Delta-Epsilon Proof: Prove lim_{x\implies 1} \frac{2}{x-3} = -1

[knowLittle]

Homework Statement

Prove that
$lim_{x\implies 1} \frac{2}{x-3} = -1$

Use delta-epsilon.

The Attempt at a Solution

Proof strategy:
$| { \frac{ 2}{x-3} +1 } | < \epsilon$$\frac{x-1}{x-3} < \epsilon$
, since delta have to be a function of epsilon alone and not include x. I need to restrict delta
$|x-1 | < 1 \leq \delta \\ -3 < x-3 < -1$

I know that there's something wrong. Help?

What if I say that
$-2 = x -3 \\ 1 =x \\ \frac{ 1-1}{-2} < \epsilon \\ \delta=min(1, \epsilon)$

Does it make any sense?

 

[pasmith]

Homework Statement

Prove that
$lim_{x\implies 1} \frac{2}{x-3} = -1$

Use delta-epsilon.

The Attempt at a Solution

Proof strategy:
$| { \frac{ 2}{x-3} +1 } | < \epsilon$$\frac{x-1}{x-3} < \epsilon$
, since delta have to be a function of epsilon alone and not include x. I need to restrict delta
$|x-1 | < 1 \leq \delta \\ -3 < x-3 < -1$

I know that there's something wrong. Help?
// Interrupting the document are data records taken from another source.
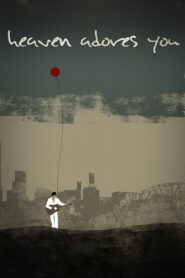 Heaven Adores You 2014 on netflix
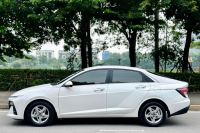 Xe Hyundai Accent Đặc biệt 1.5 AT 2024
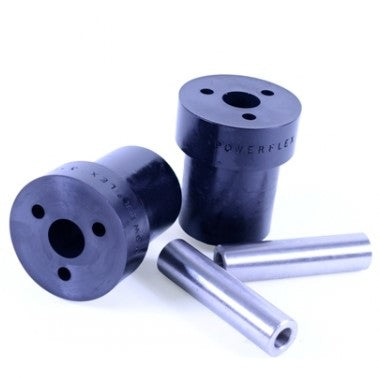 PowerFlex Audi 80 & 90 Avant (73 - 96) Rear Beam Front Location Bushing - PFR3-111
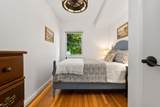 4 Arlington Ter - Photo 30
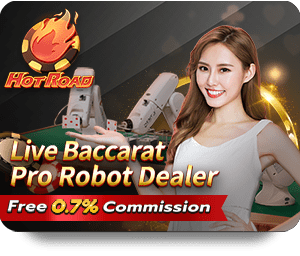 UFABET: Gaming Community Favorites icon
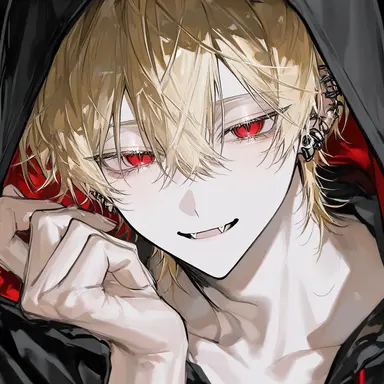Profile image of れお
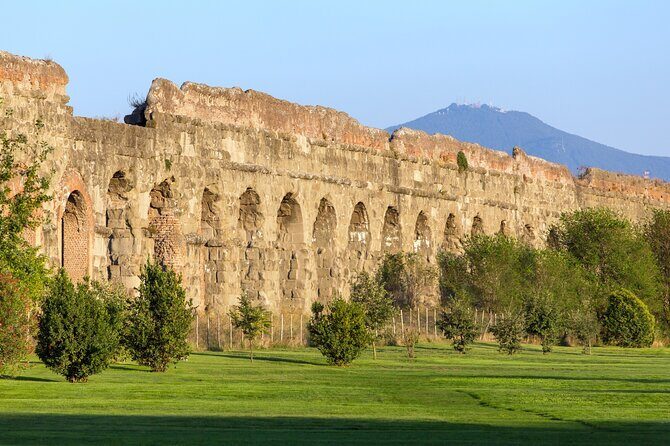 City Walk with Architect: Private walking tour of Rome - Your route: Minerva to Vittoriano in architect-friendly stops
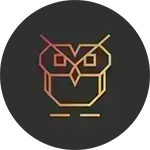 La chouette agence, agence web paris, création logo paris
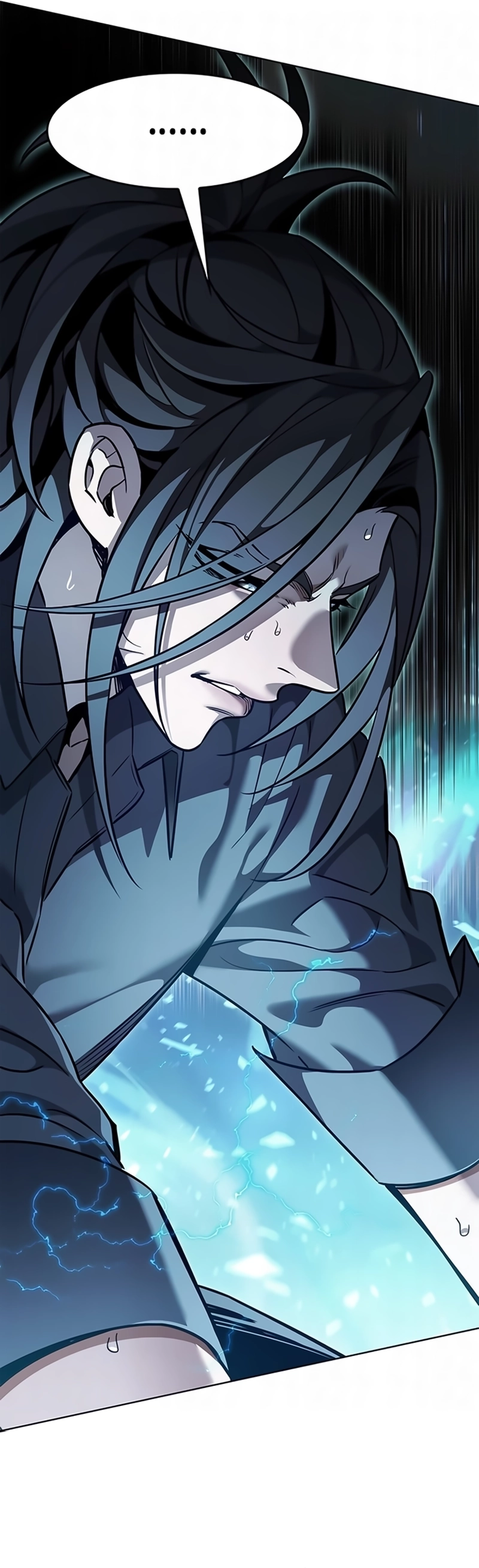 Read Veletric PT Manga Online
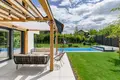 Maison 203 m² Cracovie, Pologne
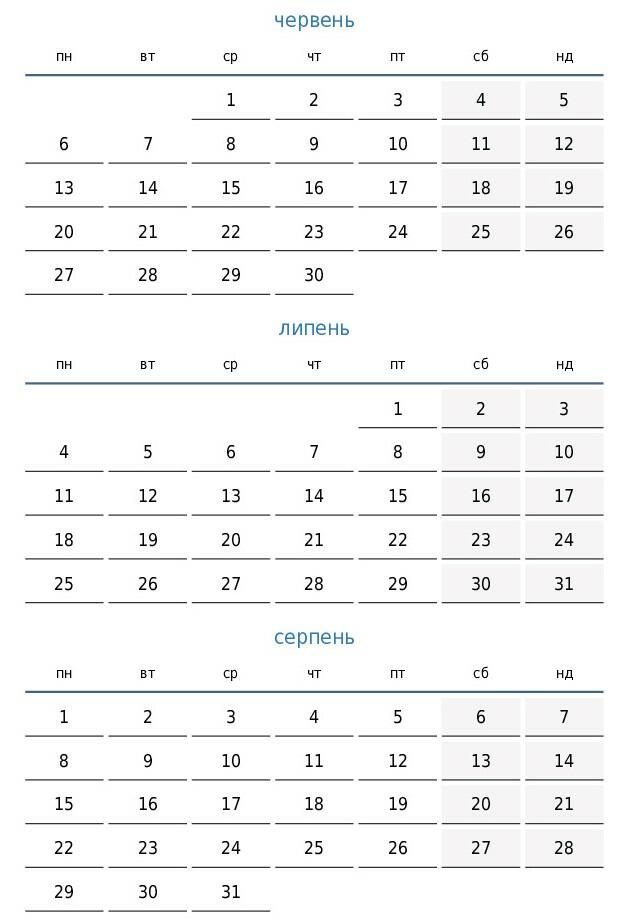 0300zgns-38ca-627x921.jpg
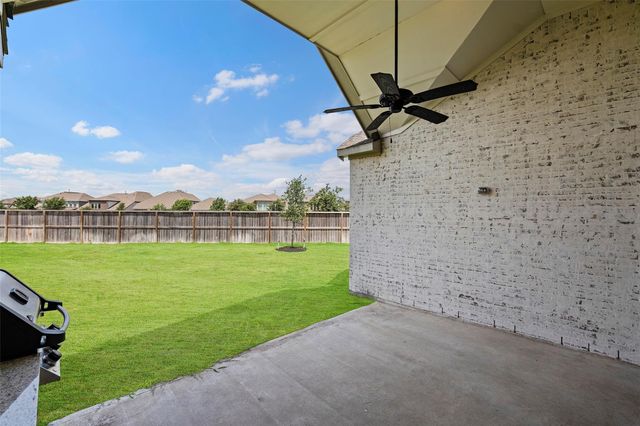 18135 Bachman Branch Drive, Cypress, TX 77433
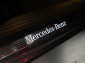 Mercedes-Benz GLA, 2020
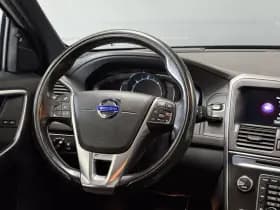 Volvo Xc60 2.4 D5 R-Design Awd | Elektr. Dak | Acc | Afn. Trekhaak thumbnail 13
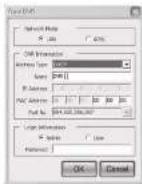 SAMSUNG SHR 2082 - SIR-21002162208/2282 MANTTE DE LUTTI SATATUR - 3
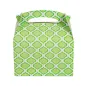 BOÎTES VERT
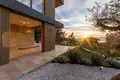Villa de 6 habitaciones 480 m² Kavac, Montenegro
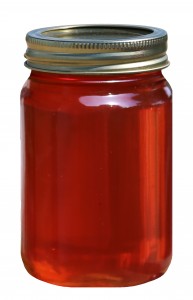 Mayhaw jelly deals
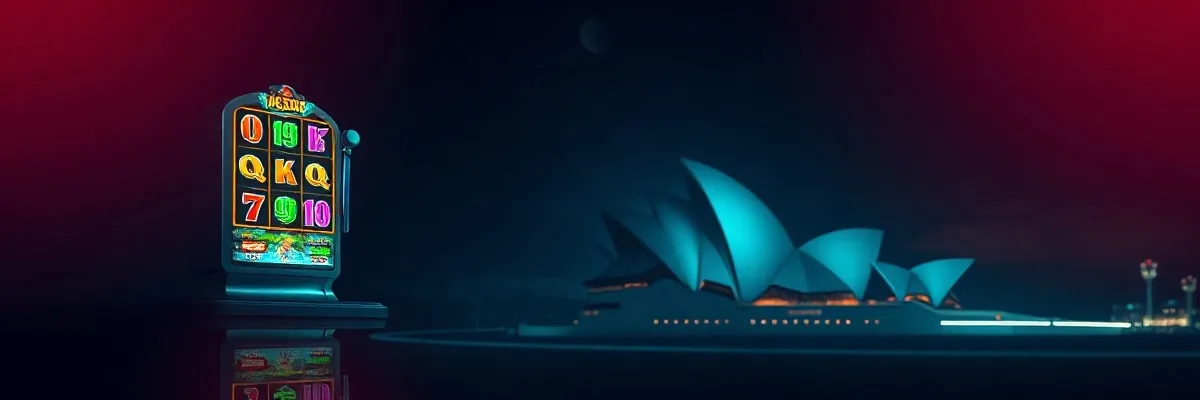 RTP, Fees and Caps Combined into a Cost of Play: payid pokies guide for players in Australia
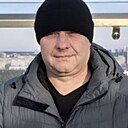 Александр, 60 лет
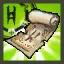 Spellbook for Reinforcement Event B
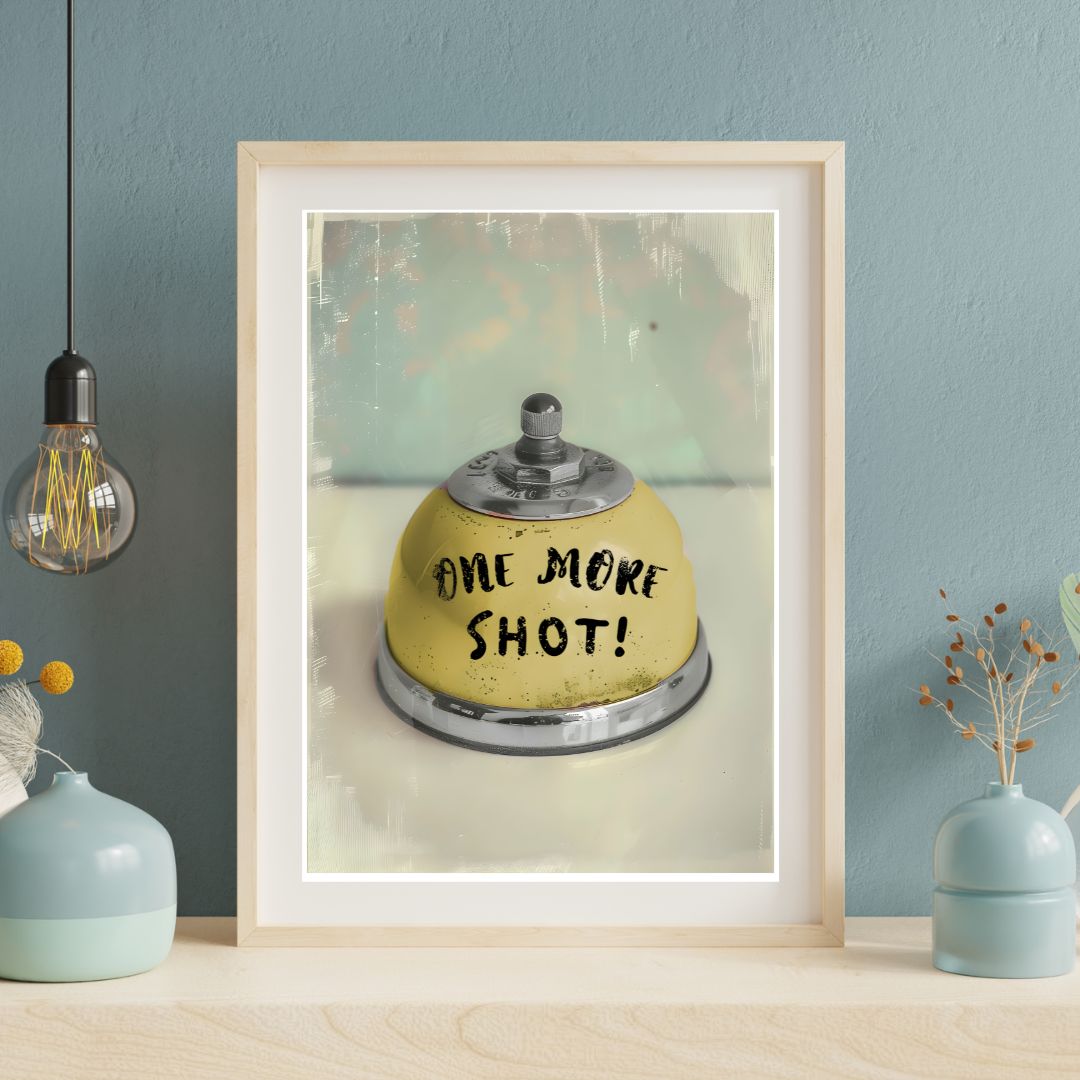 Minimalist Martini Olives Cocktail Kitchen Art Print Canvas Retro Poster For Dining Room Bar Wall Decor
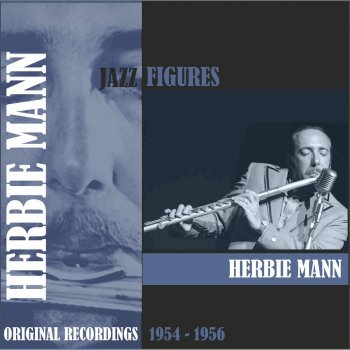 Herbie Mann Woodchuck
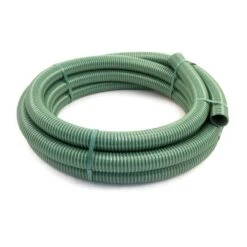 Submersible Pump Hose - 2" X 10m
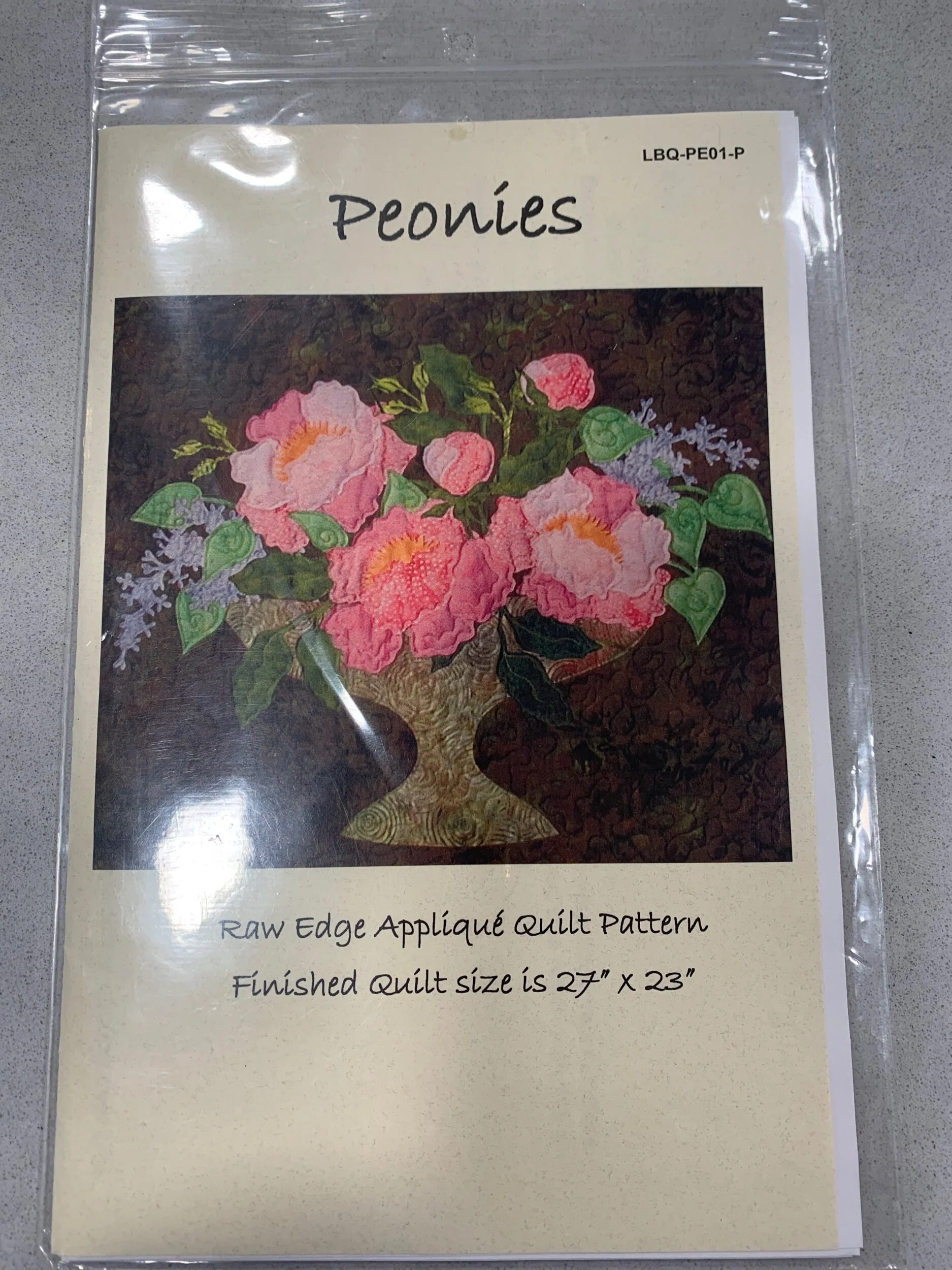 256880F2-BB3A-4587-B2BF-1F35631C996A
You don't know how small $\delta$ may need to be, but you can decide that it's not going to be bigger than 1. That gives you $$|x - 1| < \delta \leq 1.$$ Now you need $$\left| \frac{x - 1}{x - 3 } \right| < \frac{\delta}{|x - 3|} < \epsilon.$$ You can ensure that by finding a constant $K > 0$ such that $$\frac{\delta}{|x - 3|} < K\delta$$ when $|x - 1| < \delta \leq 1$, and insisting that $K\delta < \epsilon$.

 

[verty]

You're almost there, now prove that your choice for delta works.